In the seven-year period covered by this anthology, Buddy fronted his own large band, but also recorded with swing-era and post-swing luminaries: Count Basie, Tatum, Lionel Hampton and Oscar Peterson. He also fronted several editions of his own quartets which included pianists Kenny Drew and Sonny Clark, guitarist Herb Ellis, trumpeter “Sweets” Edison, guitarist Jimmy Raney and drummers Art Taylor and Art Blakey. All appear on this slightly mis-titled anthology on which “swing” cadences outnumber bop licks, but no matter. Whatever the genre, DeFranco plays with fast, needle-sharp intonation or rhapsodic gentleness.

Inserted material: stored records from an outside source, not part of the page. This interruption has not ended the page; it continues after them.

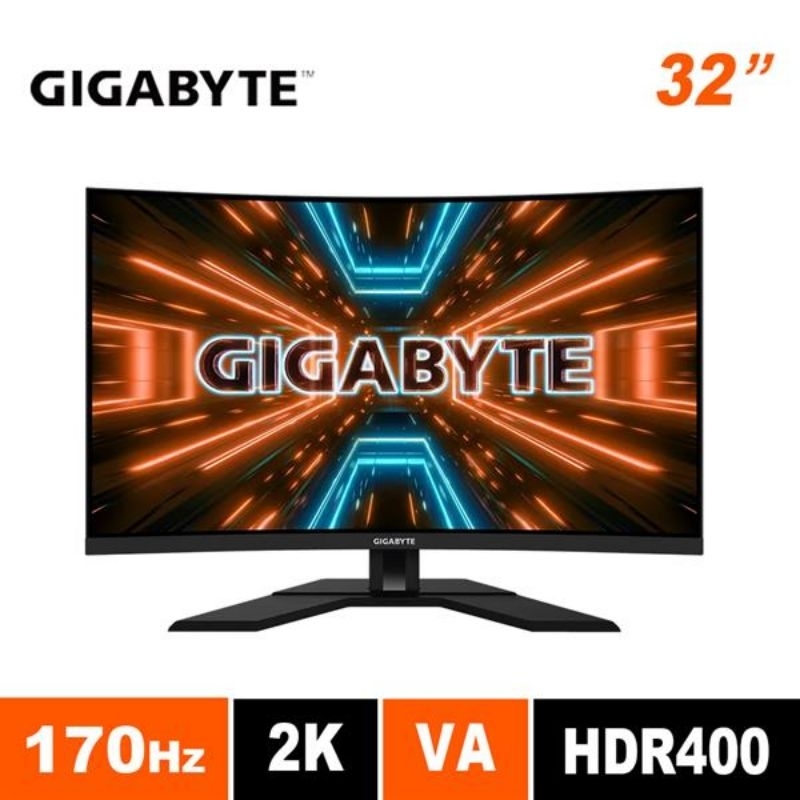 技嘉GIGABYTE螢幕 M32QC 32型曲面電競 170Hz HDR400 KVM曲面電競螢幕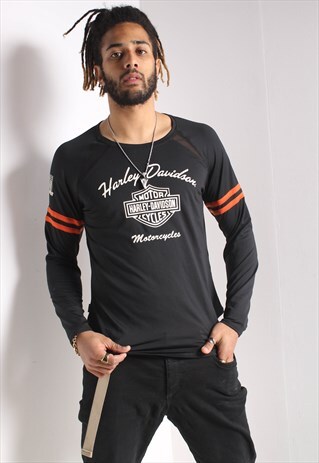 VINTAGE HARLEY DAVIDSON LONG SLEEVE T-SHIRT BLACK (RL)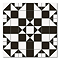 Alderford Black Victorian Patterned Floor Tiles - 450 x 450mm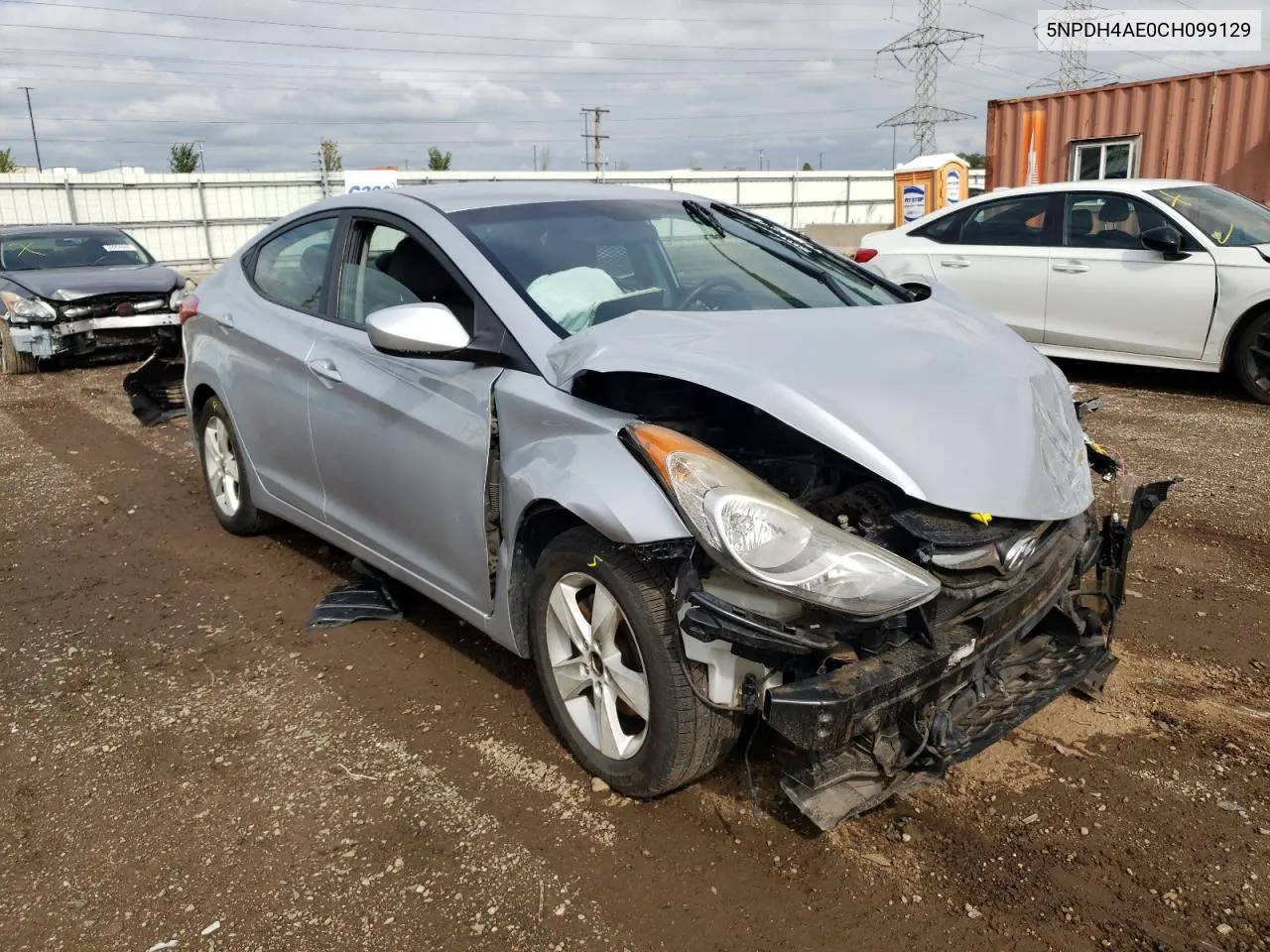 2012 Hyundai Elantra Gls VIN: 5NPDH4AE0CH099129 Lot: 69087604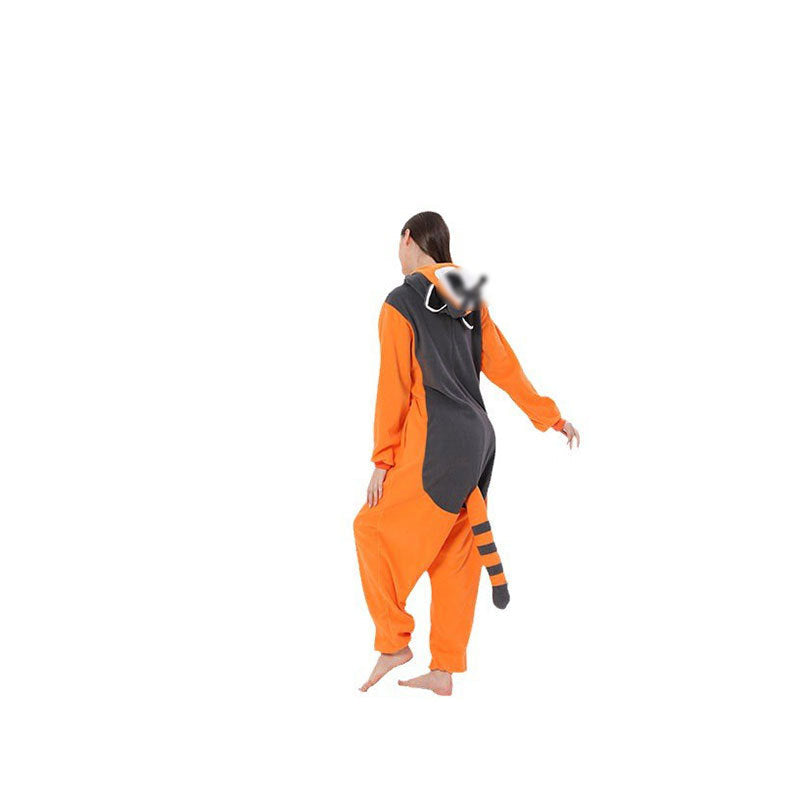 Fleece Thermal Loungewear Cartoon Onesie Pajamas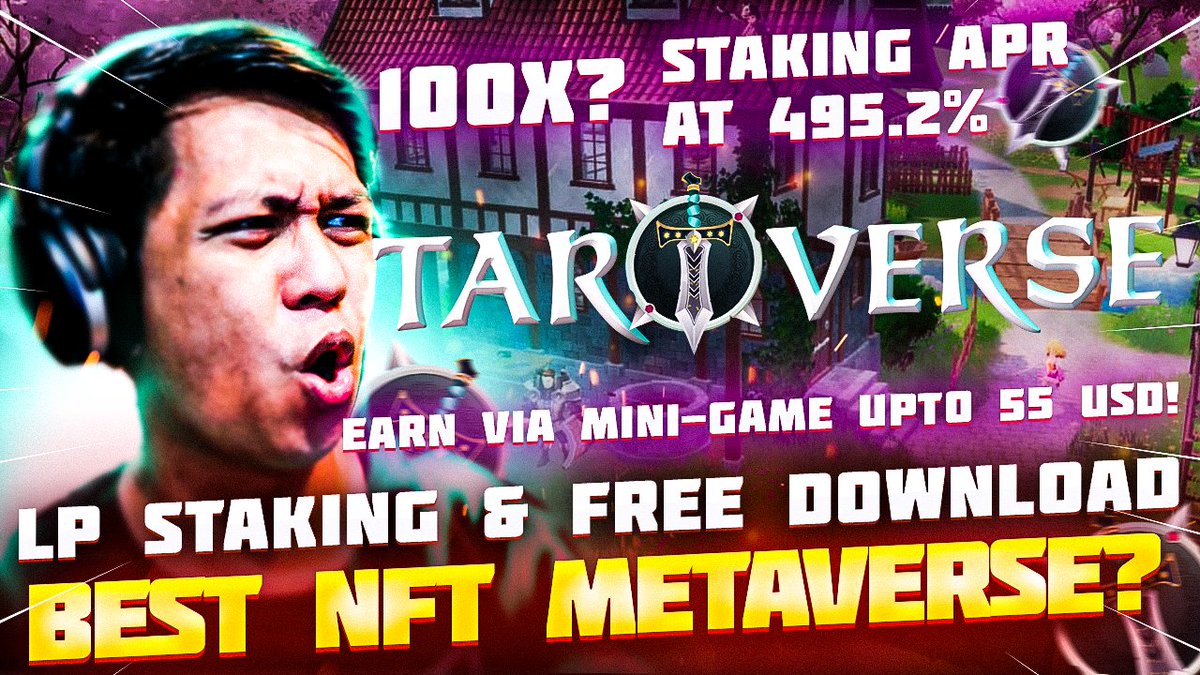 nickreation_nft's tweet photo. Twitter post links: 
Staking:
https://t.co/oB4WovAFqH
APR up to 495.2%

https://t.co/IHS75yh4GG
Players can make upto 55 usd by just playing mini games in taroverse app for FREE.
DOWNLOAD and PLAY NOW!

Youtube video: https://t.co/1AaGb3aIjt https://t.co/zDrYTj7rUb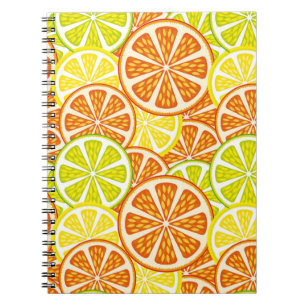 Citrus pattern notebook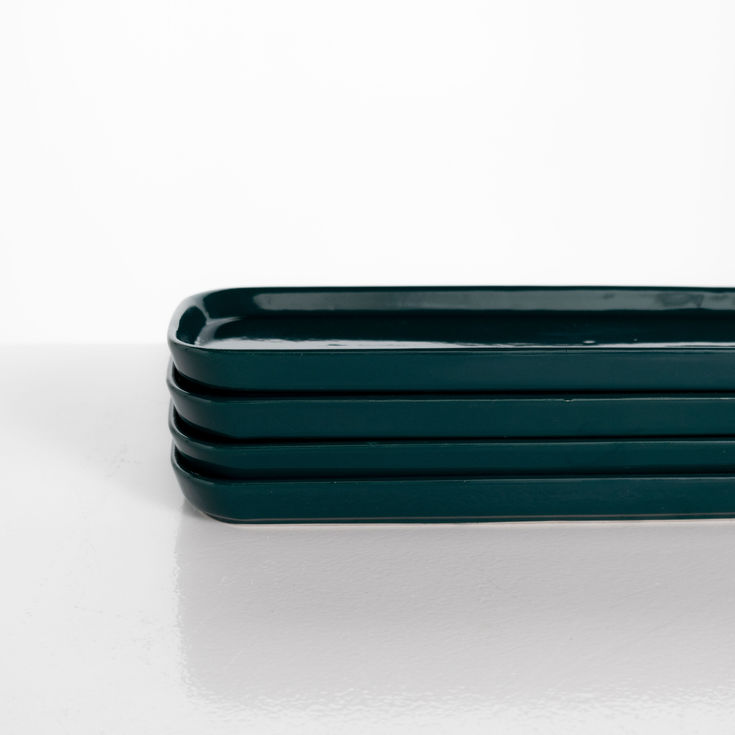 Green Rectangular Platter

Practically every track verifies this assertion. For example, on CD1 listen to the four sessions with the Count Basie Octet (1950), his own quartet performances of Lady Be Good and Pennywhistle Blues (1952), Autumn In New York (1953) and the 1953 “live” versions of Somebody Loves Me and The Things We Did Last Summer (with Oscar Peterson, Kenny Drew, Eugene Wright and Art Blakey).

Things get even better on the 1950s sessions on CD2 – culminating in an inspired pairing with Art Tatum, with Art and Buddy joyfully Makin’ Whoopee. Other gems include Blues In The Closet, and On The Sunny Side Of The Street (with Lionel Hampton) and I Can’t Get Started, featuring Sonny Clark and Tal Farlow (1954). 

DeFranco would continue recording with, among others, Lennie Tristano, Terry Gibbs and Dave McKenna until 2010, but also found time and energy to lead the Glenn Miller Orchestra in the 1960s. “The Bebop Years” revisited here were a fruitful but comparatively short period in an extraordinary career. A pedestrian and quotation-laden essay by Paul Watts adds little to an audible appreciation of the set.

Discography
CD1: Bud’s Invention; Extrovert; Neal’s Deal; The Golden Bullet; These Foolish Things; Tootie; Dancing On The Ceiling; Body And Soul; Rumpus Room; Make Believe; Oh, Lady Be Good; Buddy’s Blues; Pennywhistle Blues; Carioca; I Got It Bad; Summertime; Autumn In New York; Show Eyes; When Your Lover Has Gone; Somebody Loves Me; The Things We Did Last Summer; Cable Car (71.17)
CD2: Monogram; Blues In The Closet; On The Sunny Side Of The Street; You Go To My Head; Sonny’s Idea; Laura; Minor Incident; Moe; Fascinating Rhythm; Easy To Love; But Beautiful; I Can’t Get Started; A Foggy Day; Makin’ Whoopee; Perfidia; I Won’t Dance (71.10)

DeFranco (cl) on all tracks with personnel including Count Basie, Lionel Hampton, Oscar Peterson, Louis Bellson, Art Blakey, Ray Brown, Herb Ellis, Harry Edison, Barney Kessel and Buddy Rich.